Data records ->
# # # #

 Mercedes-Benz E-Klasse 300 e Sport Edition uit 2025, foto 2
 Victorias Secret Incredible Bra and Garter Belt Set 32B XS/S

# # # #

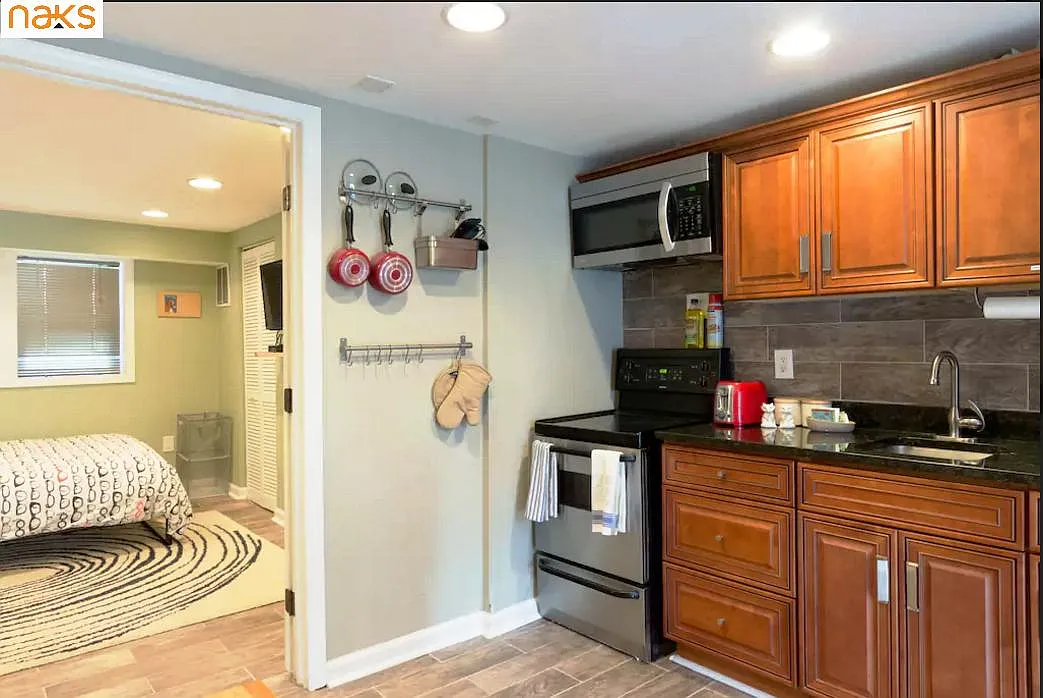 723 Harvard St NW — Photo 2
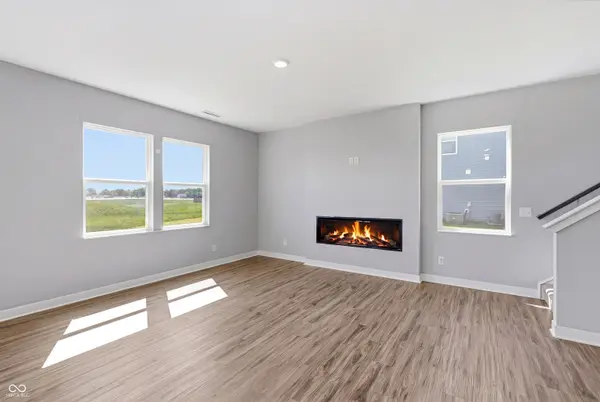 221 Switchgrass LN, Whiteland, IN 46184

# # # #

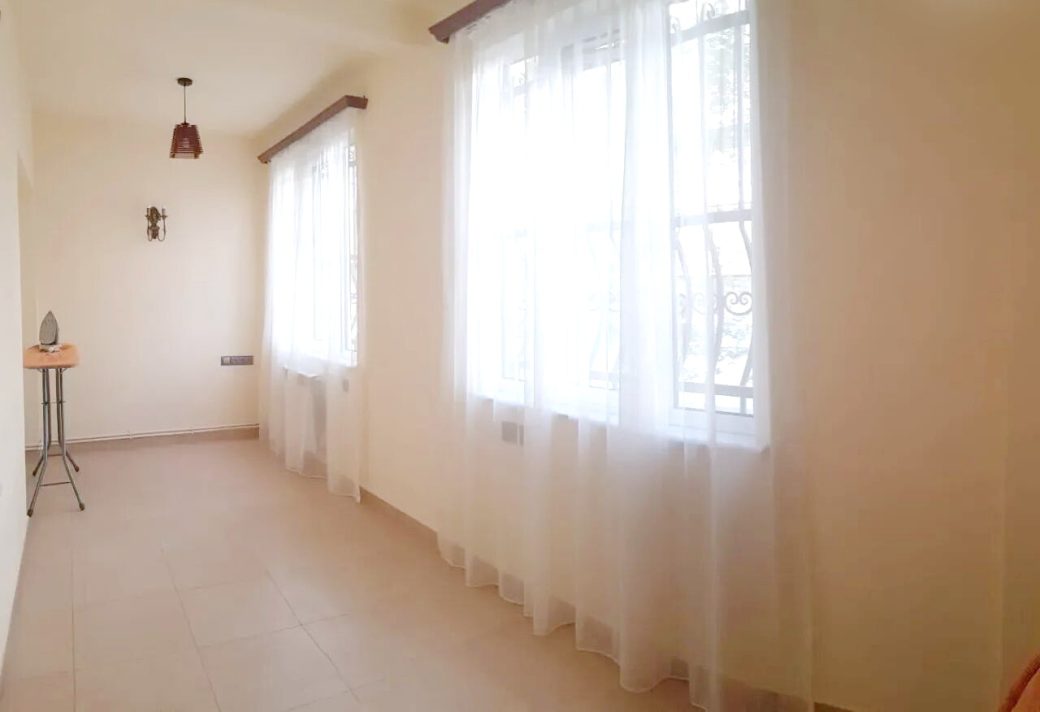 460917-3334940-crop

# # # #

Your assignment -> Please copy, exactly and with nothing else, the lines above beginning at the line that has "Mercedes-Benz E-Klasse 300" and ending with the line that has "Victorias Secret Incredible".

Problem solution ->
 Mercedes-Benz E-Klasse 300 e Sport Edition uit 2025, foto 2
 Victorias Secret Incredible Bra and Garter Belt Set 32B XS/S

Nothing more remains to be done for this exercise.